Tuesday, April 08, 2003

In reference to my malpractice post here, a reader -- the first to reply to this blog -- writes:

I do not know a good alternative to the present system - but I can tell you of the costs on the side of the defendant.

I am a tax CPA. One of my partners was sued a couple of years ago (malpractice in terminating an S corporation election. That is, for the non practitioner, the individuals owned a corporation whose income (or loss) passed thru directly to them.) My partner discussed their plans, the projected growth, their other income, and recommended terminating the S election.

Well, the next year, we found out they had a substantial loss on the corporate return (not projected by them), and the client sued us because "we" screwed up their individual return. (The loss on the corporate return could no longer offset their personal income.)

The case never went to trial (for a number of reasons - basically, the client had no case. I do not want to give details, but we would have prevailed in a trial.). But it still cost us $25,000 cash, plus a couple hundred hours of my partner's time and aggravation, etc. CPAs are NOT like trial lawyers. We CANNOT bill 1/3 of your refund. We typically bill based on our time - and that time is gone.

We were out $25,000 as a firm, plus the opportunity costs of the lost partner time (there was also some staff time involved in preparing for our defense). The suit was withdrawn. We cannot sue - where do we get our money back? Should we get emotional damages for the fact that someone sued us and then withdrew the suit?

Another example. A client came to us, claiming that their prior CPA had screwed their return. We did a little work for them, and then they found a different CPA firm. They (this former client) has begun a suit against the first CPA. I have had to answer interrogatories and provide workpapers in relation to this suit. I will not be reimbursed for my costs nor my time in this matter. Again, an innocent bystander, supplying at his own cost for the legal system.
The fellow deserves an answer. I'll paraphrase from my reply, to protect his anonymity:

First, just so you'll know, this doesn't sound like the sort of case classic "trial lawyers" go in for: First, because this doesn't sound like a winning case, and second, because the recovery would've had to be pretty big for the amount of work that would go into showing that you were negligent. We *generally* work on contingency fees (which of course means that we get nothing if we lose). Speaking from personal experience, we also charge hourly if the client can afford it and wants to go that way.

Second, depending on how long ago this was, and what state you were in, it might behoove you to see about Rule 11 Sanctions, or a malicious suit case.

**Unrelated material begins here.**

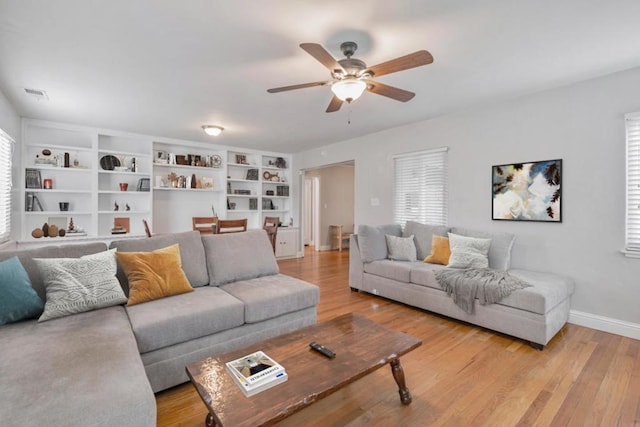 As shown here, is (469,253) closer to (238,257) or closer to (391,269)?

Not every state has the latter, and most states have the former (to summarize, a rule identical to Federal Rule of Civil Procedure 11, which sanctions -- charges -- lawyers and their clients who bring suits in bad faith). You can also try a suit -- and most states of which I'm aware don't have this -- that's akin to malicious prosecution. Talk to your lawyer about that.

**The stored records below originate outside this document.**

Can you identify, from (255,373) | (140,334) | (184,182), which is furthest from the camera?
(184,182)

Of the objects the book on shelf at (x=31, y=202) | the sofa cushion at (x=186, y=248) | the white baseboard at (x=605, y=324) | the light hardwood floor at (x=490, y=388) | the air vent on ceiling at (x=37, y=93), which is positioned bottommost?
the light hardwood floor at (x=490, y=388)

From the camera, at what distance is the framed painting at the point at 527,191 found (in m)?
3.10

If -- not just in your opinion, but in an objective way -- there was no merit to the suit, report the lawyer who brought the suit to the Bar for your state. We get in loads of trouble for doing that sort of thing; and I'm generally supportive of any enterprise to clean out my profession.*

As far as the discovery: I can't help you with that too much. Third-party interrogatories are like third-party subpoenas: We balance the smaller harm to third parties by so inconveniencing them with the much larger harm of not getting all of the information needed to reach the truth. If they actually depose you, though, talk to your lawyer about charging them for it.

The firm or lawyer asking for the documents, however, is supposed to reimburse copying and postage costs, I'm pretty sure in every state.

I honestly feel bad for this fellow: I'll be the first to admit that this is an imperfect system, created by imperfect men. Sometimes, innocent folks get stung. Small consolation to this guy and his partner, admittedly.

The alternatives, though, are frequently worse. The European model is predicated on the notion that people can't be trusted, juries can't be trusted, only terribly well-educated judges can be trusted. Our system has lasted somewhere on the order of nine centuries because, for all its pitfalls, things like this aren't as common as the legitimate application of justice.

Am I gonna deny that injustice is worked through the justice system? Hell no. I could go on for weeks about things that make my blood boil to consider them. But is the system a malicious venue of oppression? Honestly, I don't think so -- and the consensus in this country has been with me since the Founding.

* Related note: Lawyers aren't really allowed to solicit business -- especially classic ambulance chasing. If you are a doctor, or nurse, or whatever, and lawyers prowl your halls looking for clients -- as opposed to visiting clients who were clients before the lawyers set foot in the hospital -- get their names and report them to the Bar of your state. Please. They give the rest of us a bad name. And if you've been sued, and it really, honestly had no merit, consider doing the same.